**What the exercise asks**
In the entries below, repeat only the lines between those holding "you can call" and "Zendure SolarFlow 2400 AC+ Thuisbatterij", inclusive. Leave pictures out.

*** Opening Source material ***

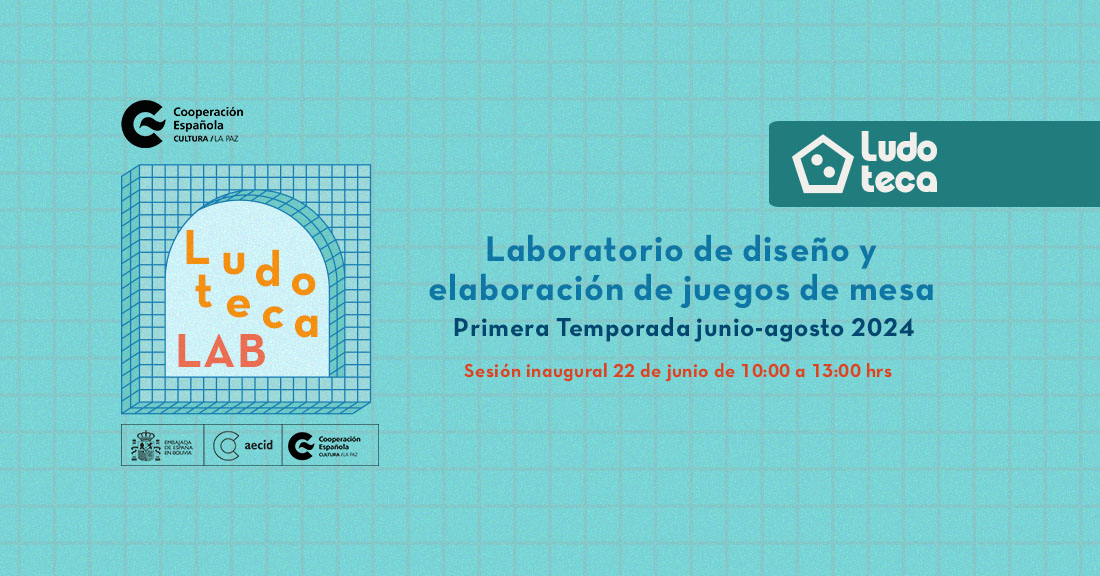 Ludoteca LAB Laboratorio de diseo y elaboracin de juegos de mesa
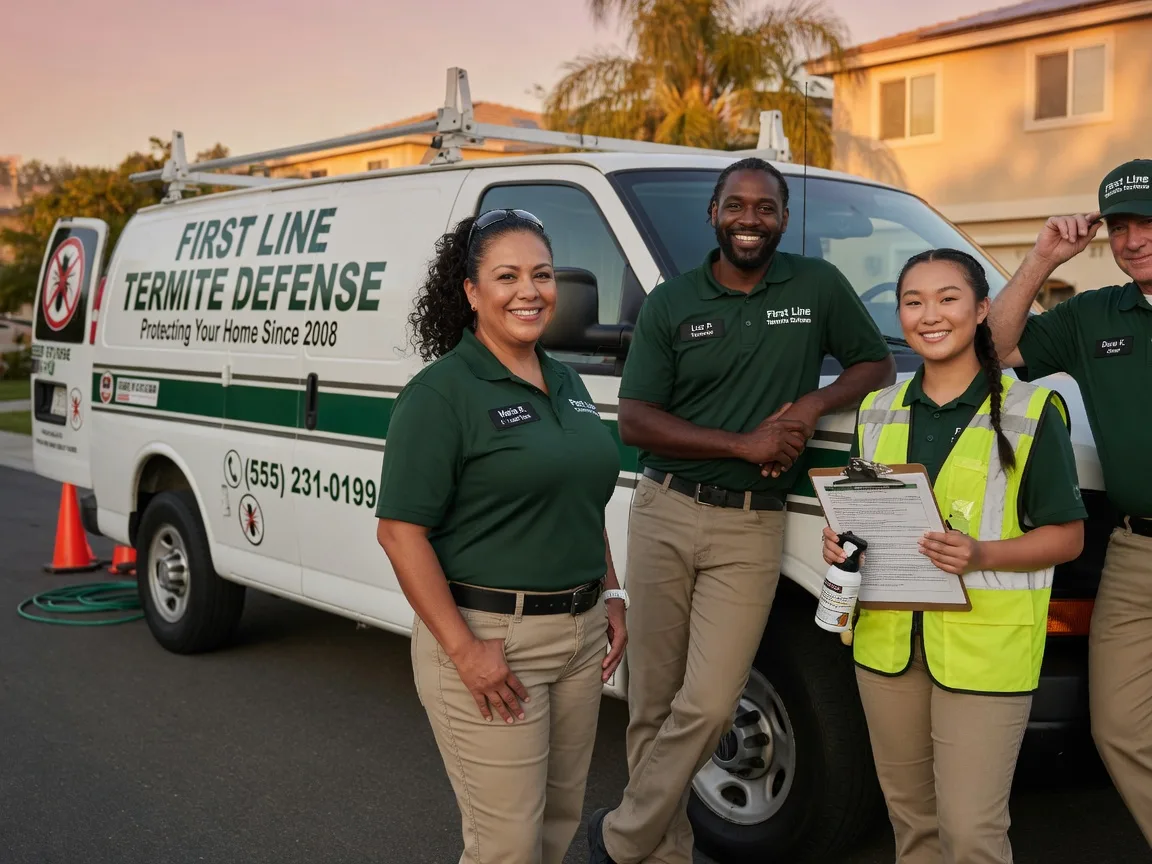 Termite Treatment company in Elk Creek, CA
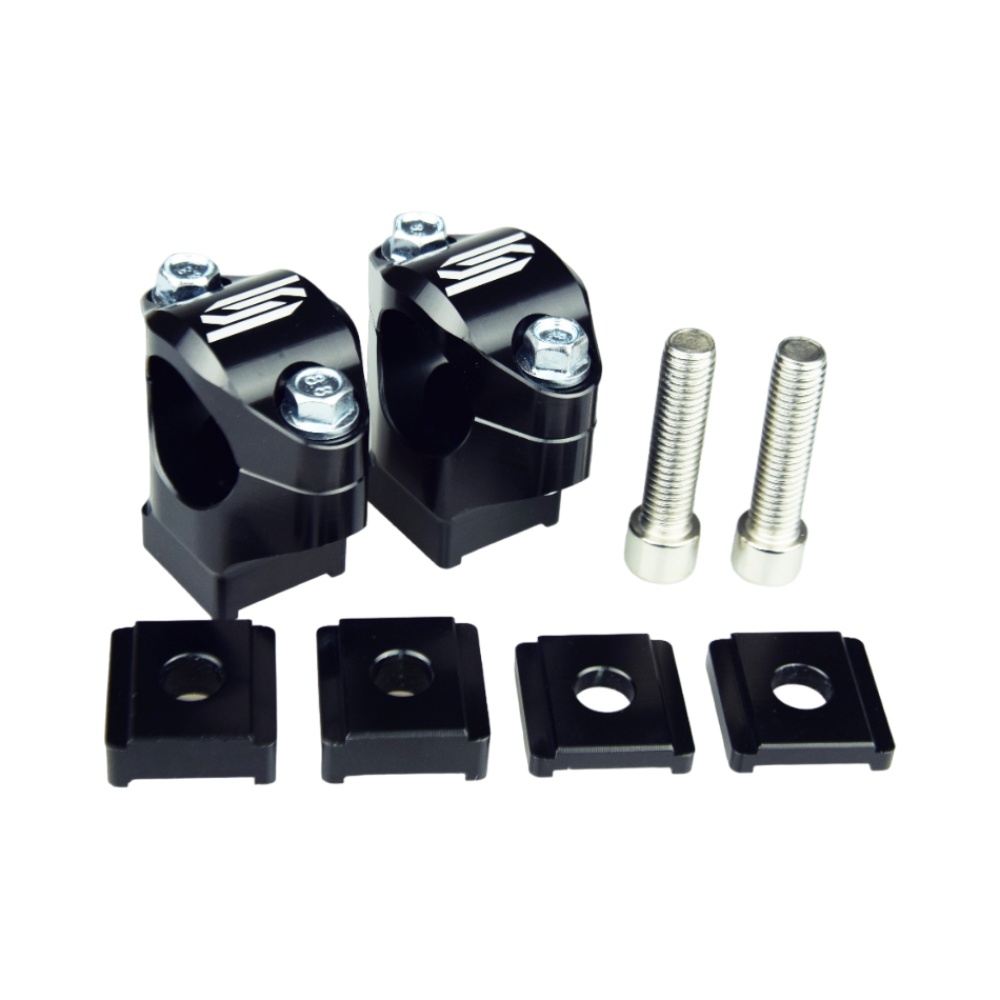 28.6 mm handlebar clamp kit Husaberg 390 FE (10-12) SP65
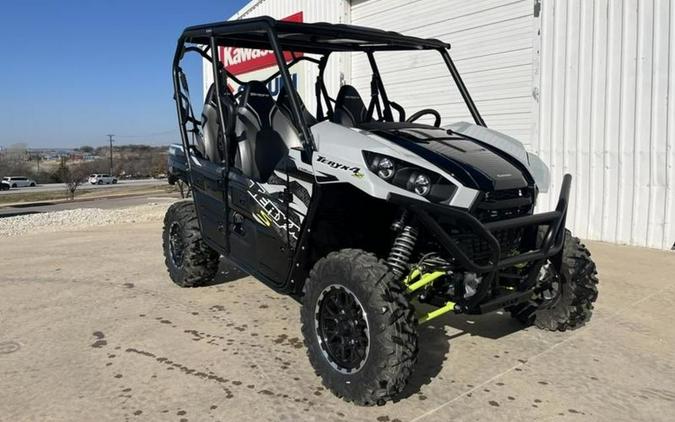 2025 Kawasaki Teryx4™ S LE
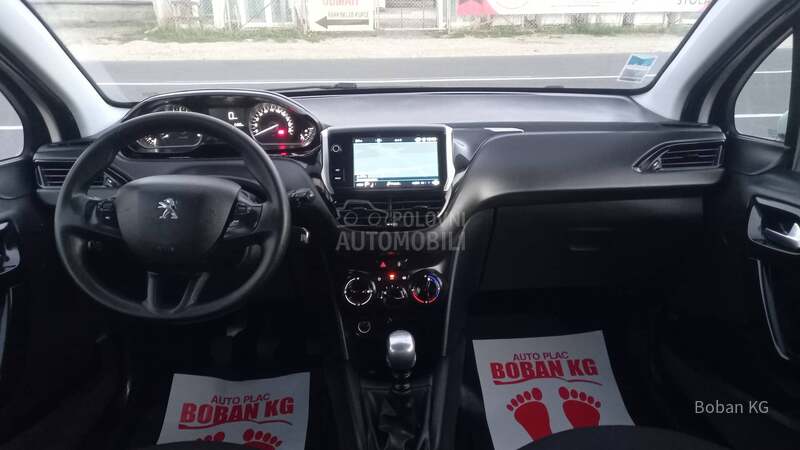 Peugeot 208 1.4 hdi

*** Closing Source material ***
*** Opening Source material ***

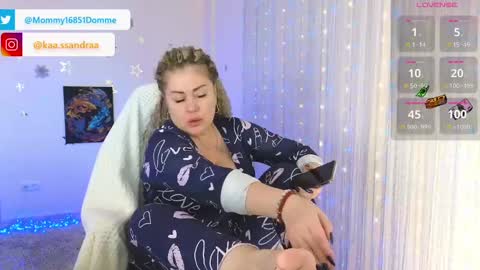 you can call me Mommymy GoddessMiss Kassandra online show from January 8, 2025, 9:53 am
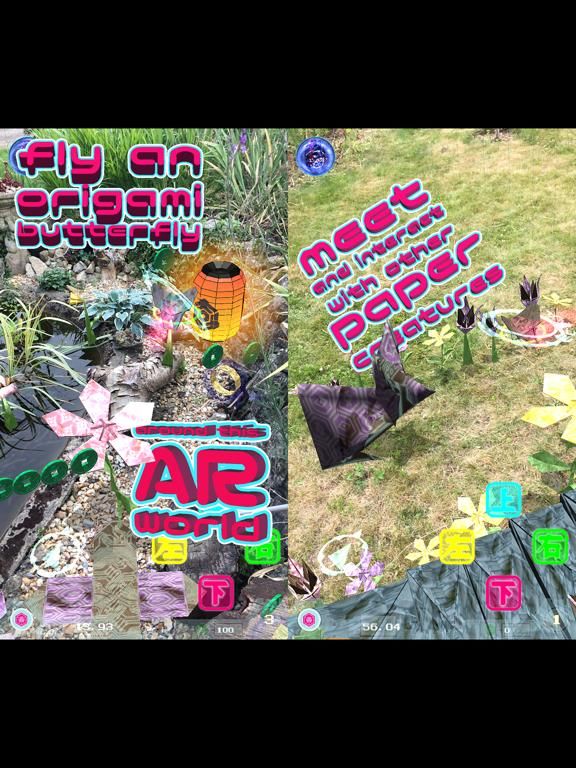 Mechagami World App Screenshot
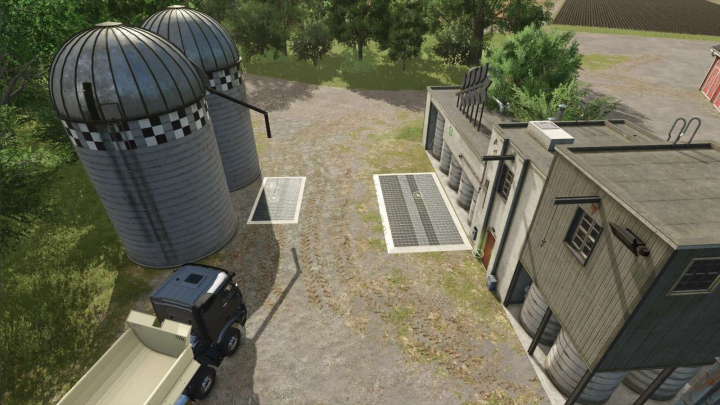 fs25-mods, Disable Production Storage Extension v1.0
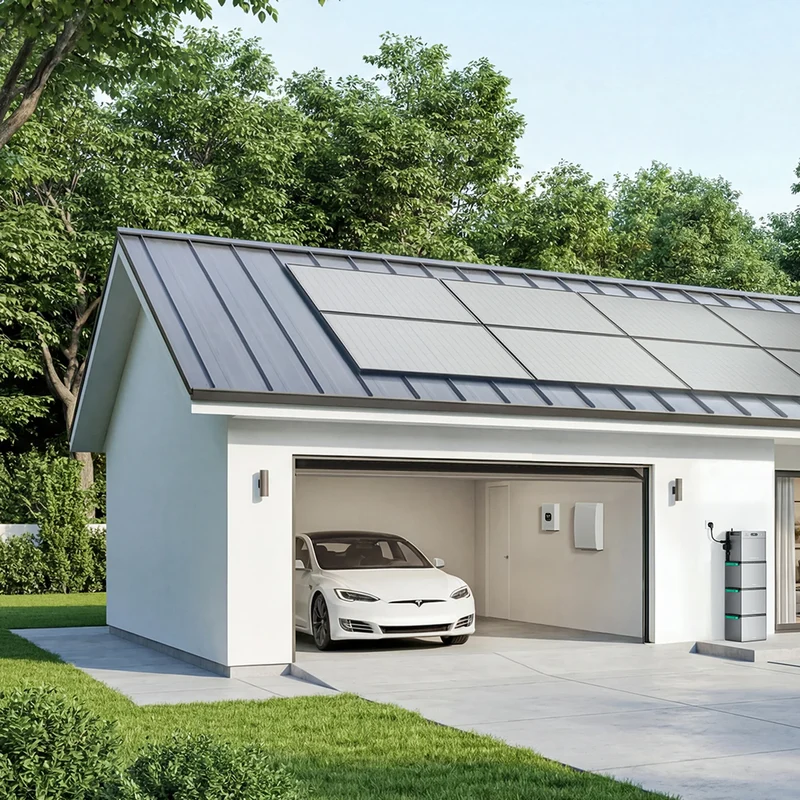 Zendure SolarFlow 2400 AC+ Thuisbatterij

*** Closing Source material ***

**The completed task**
 you can call me Mommymy GoddessMiss Kassandra online show from January 8, 2025, 9:53 am
 Mechagami World App Screenshot
 fs25-mods, Disable Production Storage Extension v1.0
 Zendure SolarFlow 2400 AC+ Thuisbatterij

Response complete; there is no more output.